There’s no question that Granville students are up against a few serious issues. And there’s no question that there are plenty of resources out there to help them.
It’s just a matter of connecting them all together.
Last Thursday night, an 11-member board consisting of law enforcement, school and elected officials, parents, clergy and students, as well as several dozen community members, participated in a forum on social issues facing area children. The talk was as an opportunity to ask questions, discuss and offer suggestions for problems that were identified in the results of a 2011 student survey.
The dialog centered on alcohol, drugs, bullying and depression.
District Superintendent Mark Bessen opened up the meeting by presenting some sobering statistics: 8.8 percent of Granville students claim to have attempted suicide, for example, while 17.8 percent report having been a passenger in a car with a driver who had been drinking.
“Granville’s not alone in these numbers. But it’s an epidemic in America we have to face. These numbers bother us.
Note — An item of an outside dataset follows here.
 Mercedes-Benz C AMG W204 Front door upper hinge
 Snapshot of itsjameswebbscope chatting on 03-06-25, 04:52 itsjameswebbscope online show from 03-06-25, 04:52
Significantly bother us,” Bessen said.
But what most shocked many of the adults present was that only 17 percent of students thought there would be consequences if caught with alcohol or drugs.
“To someone in my business, the results of the survey are nothing surprising,” said Mike Gray, director of Washington County Youth Bureau. “The one thing that really surprised me was the majority of kids thought if they were caught with drinks or marijuana, only 17 percent thought they’d be in trouble. The parents are disconnected for a variety of reasons.”
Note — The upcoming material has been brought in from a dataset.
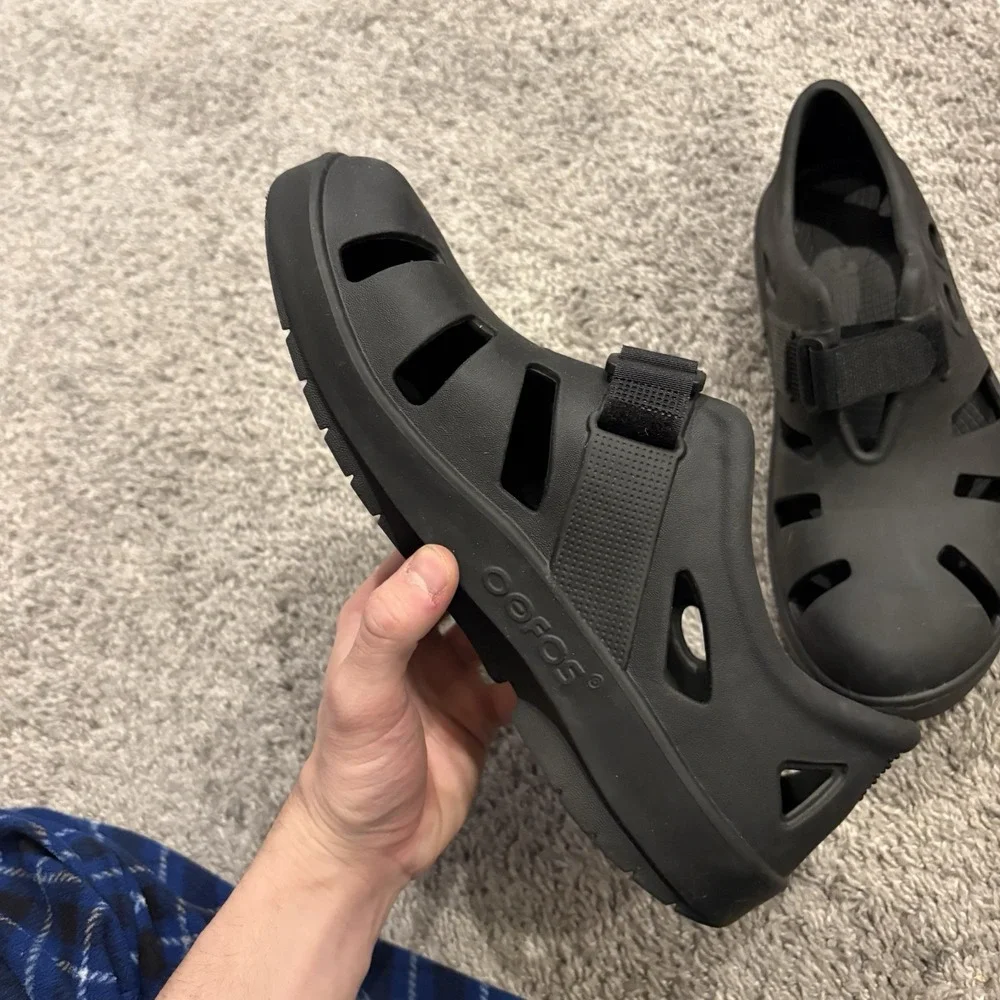 Oofos Oocandoo Black Royal Recovery Sandals Men's Size 10 Adjustable Strap NICE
Many other officials present, from Captain Bryn Reynolds of the Washington County Sheriffs to School Board Member Suzanne McEachron, repeated their disbelief.
“It’s amazing to see from the survey that they don’t think there’s consequence. There certainly is consequence from a law enforcement perspective. Even passing a bowl is considered a criminal sale,” Reynolds said.
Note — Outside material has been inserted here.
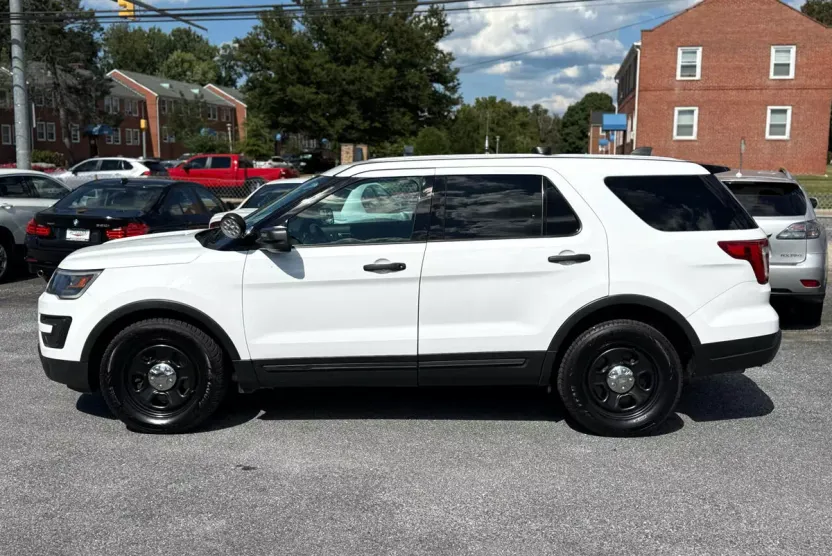 2019 Ford Explorer photo 1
McEachron confirmed the students’ perception.
“It always shocks me the number of parents who by the time their kids hit high school there seems to be a prevalence of ‘Well, kids are kids, and they’re gonna do it, so let’s turn a blind eye,’” she said.
That attitude and seemingly lack of involvement coming from many parents was another topic of discussion.
Though more parents did show up than at previous open-discussion school board meetings, there was still a glaring lack of participants who were not also school or local officials.
District Secretary Connie Resetar asked Katherine Chambers, youth court director for the Council for Prevention of Alcohol and Substance Abuse, which put out the survey, if the agency had also considered surveying parents.
Chambers said that would be easier said than done.
“Look around you—it shows how people feel,” she said, referring to the many empty seats in the auditorium.
“What we did see this year is the majority of students report parents wouldn’t know where they are if they’re not at home. And they’re getting mixed messages at home with substances,” she said.
“This is a sad showing. We have difficulty in a society where everything is okay. Nothing is a problem until it’s a problem,” said Mike Minnie, a school bus driver, parent and former pastor. “It’s a difficult task, because we live in a broken society. We need to reach out to the community and get them here to talk.”
In introducing themselves, the various forum members explained what services their respective organizations can offer students.
Rev. Jerry McKinney said the Mettowee Valley Ecumenical Society provides food to those in need, while the church is a resource that’s always there for support.
Heather Weeden, a parent, expressed concern at the 61 percent of students who feel they’re being bullied. School Counselor Denise Frandino and School Social Worker Jennifer Powell described district resources. Frandino piggybacked off of Bessen’s opening comments, explaining that it’s important to teach the students coping and resiliency.
Both Powell and Chambers pointed out that it’s easier to start changing younger students than older ones.
“It’s the younger students you’ll be able to tap into and mold. When we see youth telling youth and peers telling peers it’s not cool, that makes a difference. If we change the perception, we change the behavior,” Chambers said.
Tim Carroll, a sheriff, pointed out the importance of community spirit and sports in tackling the issues.
“I think the key for this whole thing is for us to be available. Sports games and things like that bring people together in the community. We need to build a sense of community,” he said.
As the meeting came to a close, various attendees voiced their willingness to meet again and do what they can to ameliorate the problems.
“If you want a next step forward, it’s going to be you guys who push it in that direction,” Chambers said. Gray offered to take down contact information and organize a collaborative group through his office.
A number of those present expressed that it is important for more parents to become involved with the effort. On Friday, Bessen said the forum was a demonstration of the community working together.
“It’s an opportunity for people to learn about what’s going on in the schools and to participate in that dialog,” he said. “We have all the organizations that are willing to help—we just need one more partner, and that’s the parents.”
The next school board forum, focusing on new state Common Core standards, will take place on Thursday, Oct. 17, from 6 to 8 p.m. in the high school auditorium.